Automotive: significant improvement in earnings; EBIT margin at upper end of guidance
The Automotive group sector recorded sales of €4.7 billion in the second quarter (Q2 2024: €5.0 billion, -5.0 percent). Before exchange-rate effects and changes in the scope of consolidation, it posted organic sales growth of -1.2 percent. Its adjusted EBIT margin was 9.0 percent. Even without the application of IFRS 5, its adjusted EBIT margin would have improved significantly to 4.0 percent (Q2 2024: 2.9 percent). Automotive’s earnings in the second quarter were therefore at the upper end of the outlook for the year (adjusted EBIT margin outlook for Automotive: 2.5 to 4.0 percent). It achieved this despite declining automotive markets in Europe and North America. The year-on-year improvement was due to the rigorous implementation of measures to reduce costs as well as sustained price adjustments.
Order intake for the Automotive group sector amounted to €5.7 billion in the second quarter of 2025 and was therefore significantly higher than sales during the quarter. With a volume exceeding €3 billion, orders for satellite cameras, brake systems and electronic control units made a major contribution.
Furthermore, Automotive has established a new unit to develop semiconductors for vehicle electronics, with the aim of further reducing its dependence on suppliers for its future requirements and bringing new technologies to market faster. The Advanced Electronics and Semiconductor Solutions unit will focus on the development of semiconductors, while production will be handled by partner Global Foundries.
The company has also launched an updated, second-generation smart tachograph for trucks. The device automatically detects when a truck crosses a border and securely stores position data thanks to European satellite technology. This innovation helps authorities with conducting checks and fleet operators with planning. In doing so, it meets the requirements of the EU Mobility Package, which stipulates gradual retrofitting of the second-generation smart tachograph: by August 19, 2025, all commercial vehicles over 3.5 tons used in international transport must be equipped with a latest-generation device.
Tires: resilient despite changing conditions
The Tires group sector recorded sales of €3.3 billion in the second quarter (Q2 2024: €3.4 billion,
-2.0 percent). It achieved a double-digit adjusted EBIT margin and was only slightly below the previous year’s level for the first half of the year. In the second quarter, its adjusted EBIT margin was 12.0 percent (Q2 2024: 14.7 percent). The main reasons for the year-on-year decline were US tariff increases, exchange-rate effects and positive catch-up effects in the second quarter of last year.
Tires from Continental are repeatedly recognized for their high quality. In June 2025, Continental’s tires were voted “Quality Winner 2025” following a survey of around 45,000 consumers in Germany conducted by the German Institute for Service Quality (DISQ) in collaboration with news channel n-tv. Furthermore, Continental tires took first place 10 times and second place four times in independent comparison tests in Europe. The SportContact 7 was voted the winner in seven out of eight tests, while the UltraContact NXT achieved top marks for safety and sustainability. The PremiumContact 7 also scored highly in the current season, with British magazine Tyre Reviews declaring it the winner of its summer tire test.

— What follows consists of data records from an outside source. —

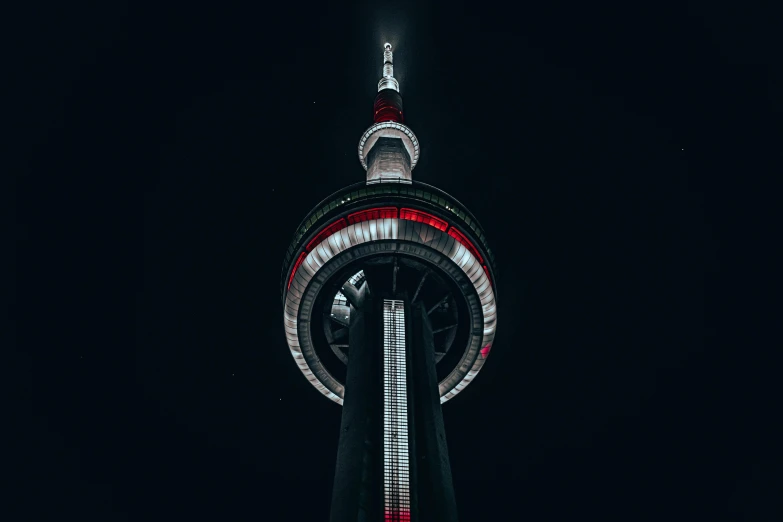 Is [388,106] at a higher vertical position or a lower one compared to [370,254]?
higher

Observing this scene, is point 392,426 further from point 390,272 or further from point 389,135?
point 389,135

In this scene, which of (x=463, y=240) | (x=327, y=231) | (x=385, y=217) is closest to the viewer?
(x=385, y=217)

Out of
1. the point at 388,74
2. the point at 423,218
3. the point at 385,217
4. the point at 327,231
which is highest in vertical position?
the point at 388,74

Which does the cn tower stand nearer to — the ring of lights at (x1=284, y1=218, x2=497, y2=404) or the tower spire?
the ring of lights at (x1=284, y1=218, x2=497, y2=404)

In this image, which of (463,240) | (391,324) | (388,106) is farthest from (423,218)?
(388,106)

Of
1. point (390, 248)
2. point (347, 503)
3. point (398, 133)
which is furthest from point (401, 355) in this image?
point (398, 133)

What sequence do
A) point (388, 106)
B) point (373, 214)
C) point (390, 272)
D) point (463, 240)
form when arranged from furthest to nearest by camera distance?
1. point (388, 106)
2. point (390, 272)
3. point (463, 240)
4. point (373, 214) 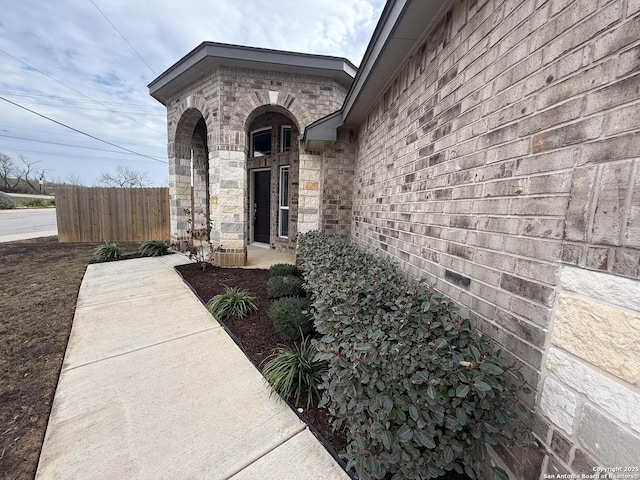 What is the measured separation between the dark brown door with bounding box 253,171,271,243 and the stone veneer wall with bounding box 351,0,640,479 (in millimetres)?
6461

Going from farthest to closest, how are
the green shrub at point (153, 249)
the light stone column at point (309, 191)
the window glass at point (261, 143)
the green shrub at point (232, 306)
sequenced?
the window glass at point (261, 143)
the green shrub at point (153, 249)
the light stone column at point (309, 191)
the green shrub at point (232, 306)

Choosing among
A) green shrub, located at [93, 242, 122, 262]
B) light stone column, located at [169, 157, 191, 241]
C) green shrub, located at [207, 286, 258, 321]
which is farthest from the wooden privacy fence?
green shrub, located at [207, 286, 258, 321]

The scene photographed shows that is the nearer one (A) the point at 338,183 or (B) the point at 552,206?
(B) the point at 552,206

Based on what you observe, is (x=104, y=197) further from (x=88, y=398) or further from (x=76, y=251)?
(x=88, y=398)

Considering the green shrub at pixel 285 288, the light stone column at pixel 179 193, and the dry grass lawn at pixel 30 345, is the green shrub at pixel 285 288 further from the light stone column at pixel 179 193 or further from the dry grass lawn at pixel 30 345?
the light stone column at pixel 179 193

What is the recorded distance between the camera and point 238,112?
5348 millimetres

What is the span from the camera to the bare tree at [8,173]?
34706 mm

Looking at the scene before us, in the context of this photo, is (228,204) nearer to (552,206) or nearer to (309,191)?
(309,191)

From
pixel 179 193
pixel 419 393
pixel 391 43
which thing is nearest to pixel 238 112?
pixel 179 193

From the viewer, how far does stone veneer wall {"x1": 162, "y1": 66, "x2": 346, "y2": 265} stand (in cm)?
532

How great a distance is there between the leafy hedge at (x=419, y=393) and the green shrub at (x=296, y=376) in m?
0.66


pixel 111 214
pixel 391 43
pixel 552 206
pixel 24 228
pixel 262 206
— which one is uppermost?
pixel 391 43

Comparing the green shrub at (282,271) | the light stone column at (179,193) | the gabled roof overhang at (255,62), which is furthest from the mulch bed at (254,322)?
the gabled roof overhang at (255,62)

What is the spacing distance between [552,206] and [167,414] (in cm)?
261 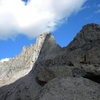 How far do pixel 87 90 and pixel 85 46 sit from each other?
572 centimetres

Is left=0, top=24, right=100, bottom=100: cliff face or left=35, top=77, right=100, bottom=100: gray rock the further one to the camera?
left=0, top=24, right=100, bottom=100: cliff face

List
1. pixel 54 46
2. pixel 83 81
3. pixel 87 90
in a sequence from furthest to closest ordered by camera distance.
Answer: pixel 54 46 < pixel 83 81 < pixel 87 90

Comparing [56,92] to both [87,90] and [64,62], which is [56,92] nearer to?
[87,90]

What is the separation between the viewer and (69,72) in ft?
31.5

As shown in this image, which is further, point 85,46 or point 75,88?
point 85,46

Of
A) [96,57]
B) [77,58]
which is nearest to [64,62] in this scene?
[77,58]

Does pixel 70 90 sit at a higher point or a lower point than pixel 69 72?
lower

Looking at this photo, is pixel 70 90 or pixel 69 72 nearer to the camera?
pixel 70 90

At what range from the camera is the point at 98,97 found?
5.76 m

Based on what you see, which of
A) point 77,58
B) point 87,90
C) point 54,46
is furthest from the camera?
point 54,46

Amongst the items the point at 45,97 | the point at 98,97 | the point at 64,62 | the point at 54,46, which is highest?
the point at 54,46

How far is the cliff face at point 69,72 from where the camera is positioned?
6.18m

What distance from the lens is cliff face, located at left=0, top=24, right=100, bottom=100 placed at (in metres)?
6.18

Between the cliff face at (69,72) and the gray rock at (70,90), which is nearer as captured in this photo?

This is also why Continental has a strong position in the market for ultra-high-performance (UHP) tires. UHP tires are technologically sophisticated, available in sizes from 18 inches and designed for safe and dynamic driving at high speeds. Between 2019 and 2024, Continental increased sales of these tires in the passenger car and light truck segment by around 15 percentage points worldwide. Over the same period, the share of sales of UHP tires for all Continental brands rose from 38 to 52 percent, and to 60 percent for the core Continental brand. Five years ago, this figure sat at 46 percent.
ContiTech: increase in adjusted EBIT margin compared with the start of the year
The ContiTech group sector achieved sales of €1.6 billion in the second quarter of 2025 (Q2 2024: €1.6 billion, -5.2 percent). Its adjusted EBIT margin was 5.8 percent (Q2 2024: 7.1 percent), higher than in the first quarter of the year (Q1 2025: 5.4 percent). Earnings improved compared with the start of the year, especially due to higher industrial demand for ContiTech products and stricter cost discipline. The market environment remains gloomy, although there are signs of improvement in Europe as well as North and South America. Exchange rates are also affecting earnings.
Despite the challenging conditions, ContiTech continues to focus on innovation and future-oriented solutions. For example, it introduced new premium cooling hoses for data centers in the past quarter, which ensure stable temperatures for servers and help save energy, prevent malfunctions and extend equipment life. The hoses are extremely heat-resistant and meet strict fire safety standards. They are designed for modern cooling methods, such as direct-to-chip single-phase cooling, and help to reduce energy costs and carbon emissions in data centers.